African American Maritime History Series #1: Seed Trade, Horticulture and Botanical Gardens

The early colonial transatlantic seed trade began when the first colonists landed on North American soil. The trade grew and flourished during the seventeenth and eighteenth centuries. Landowners used the seed trade as a livelihood and for horticultural scientific study. However, the seed trade was multipurposed. It became a tool of colonial expansion as well as a lifeline for enslaved peoples to hold onto their own culture and botanical practices.
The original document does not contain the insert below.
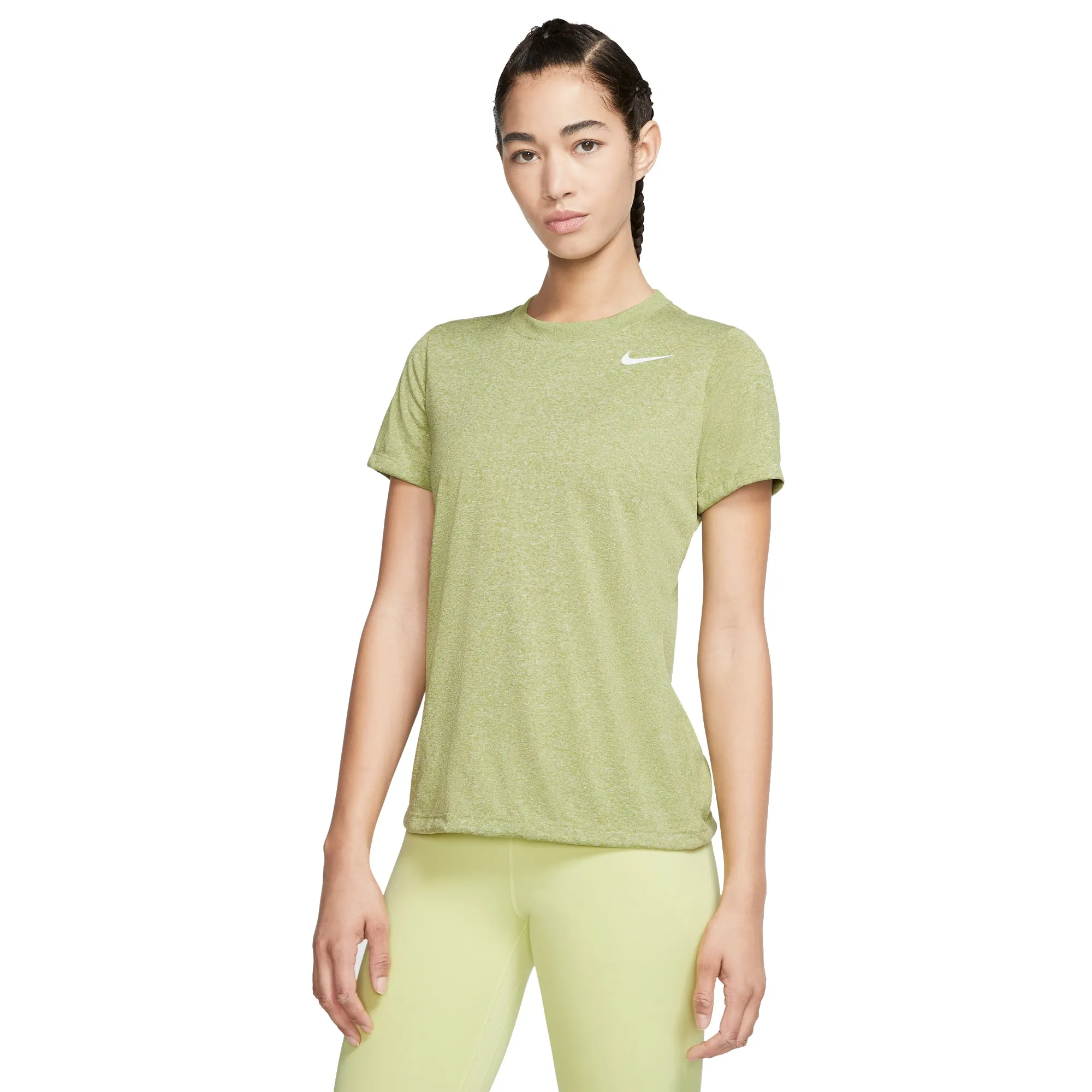 Nike Dri-Fit Legend Womens Short Sleeve Training Shirt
The results of the early American seed trade can be seen today with the existence of botanical gardens, historic greenhouses, and European and African plants that have gradually naturalized into the North American environment.
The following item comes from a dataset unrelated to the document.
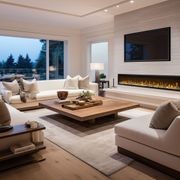 Real Flame Ignite Evolve | Electric Fireplace gallery detail image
Enslaved people were instrumental in the importation of seeds to North America. When hundreds of thousands of Africans were abducted and brought forcibly across the Atlantic to labor on plantations and other venues, some intuitively brought seeds with them so that they would have a part of their culture and foods with them. The enslaved also repurposed plants that had been imported by Europeans for their exclusive use. Two of these plants, cotton root and the peacock flower, were used by enslaved women across the Atlantic world to prevent unwanted pregnancies and as an abortifacient for unwanted pregnancies for themselves and their White mistresses. Additionally, the majority of laborers who planted and harvested the colonists’ imported plants were enslaved. Many glimpses of this history can be seen in planation records where owners wrote about the planting and harvesting of crops. While the owners never performed this labor, noting the days when crops were harvested indirectly refers to the work that had been done by the enslaved people. The absence of direct attribution to the enslaved laborers illustrates the silencing of the contributions of the enslaved in colonial documentation. Magnificent gardens were built by the enslaved using rare and unusual plants and flowers in and around Southern port maritime cites like the examples below.

Magnolia Plantation: A rice plantation and landscaped garden created by African enslaved people from rice growing regions.
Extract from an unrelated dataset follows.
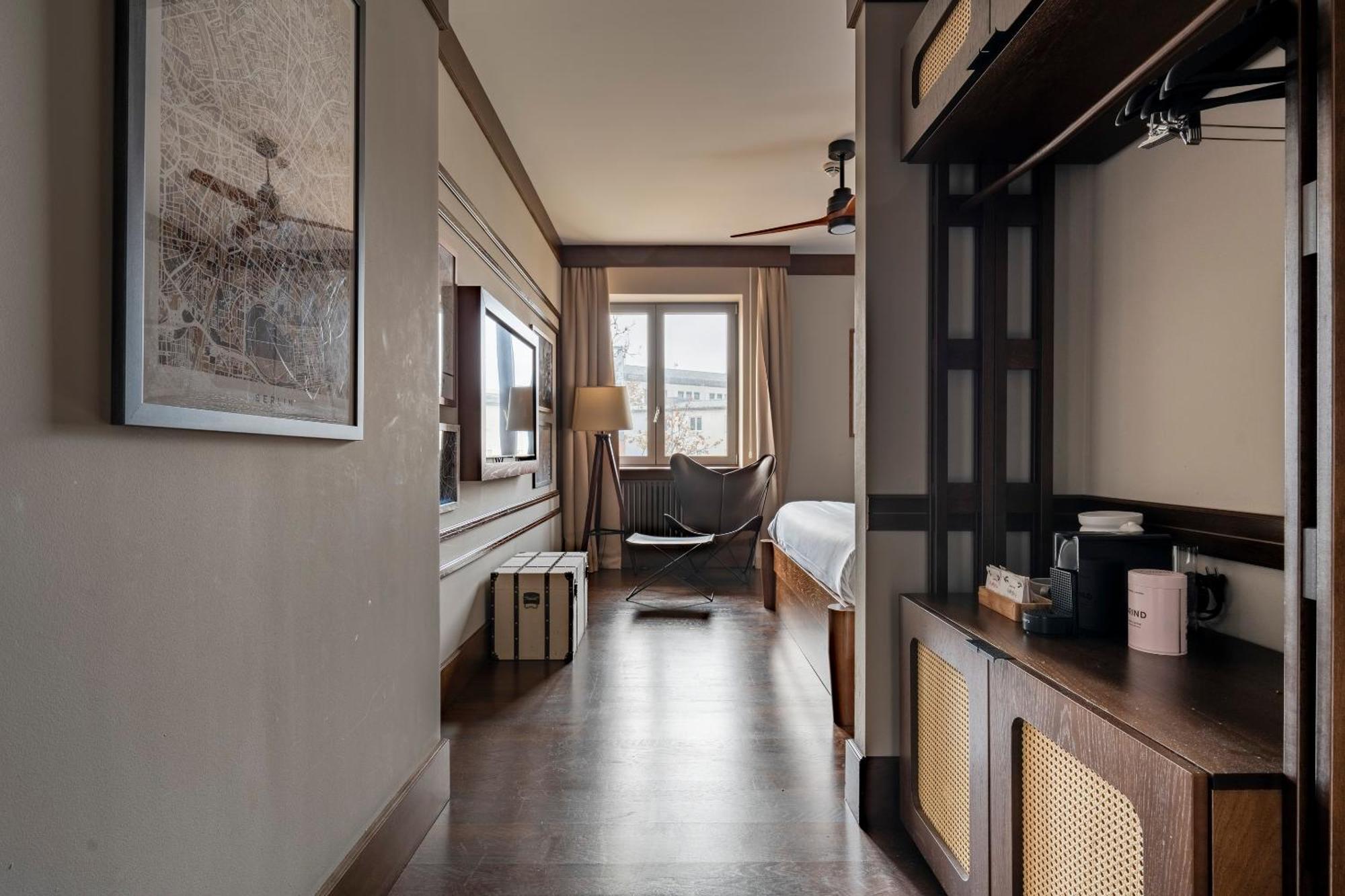Aparthotel Numa Potsdamer Platz Berlim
Magnolia Plantation and Gardens (464 acres) is a historic house with gardens located on the Ashley River at 3550 Ashley River Road west of Ashley, Charleston County, South Carolina. It is one of the oldest plantations in the South, the oldest public garden in America, and listed on the National Register of Historic Places. Magnolia Plantation is located near Charleston and directly across the Ashley River from North Charleston. The house and gardens are open daily.

The plantation dates to 1676, when Thomas and Ann Drayton (née Anna Fox) built a house and small formal garden on the site. (The plantation remains under the control of the Drayton family after 15 generations. Some of the enslaved people who were forced to work at the house, on the land and on the water were brought by the Draytons from Barbados in the 1670s. The historic Drayton Hall was built in 1738 by enslaved laborers for John Drayton, grandfather of judge John Drayton II, on an adjoining property.

Magnolia was originally a rice plantation, with extensive earthworks of dams and dikes built in fields along the river for irrigating land for rice cultivation. African enslaved people from rice-growing regions created the works. As time went on, these enslaved people developed a creolized Gullah language and vibrant culture, strongly influenced by their West African cultures. They have retained many combined cultural elements from West Africa to this day in what is known as the Gullah Heritage Corridor of the Lowcountry and Sea Islands of the Carolinas and Georgia.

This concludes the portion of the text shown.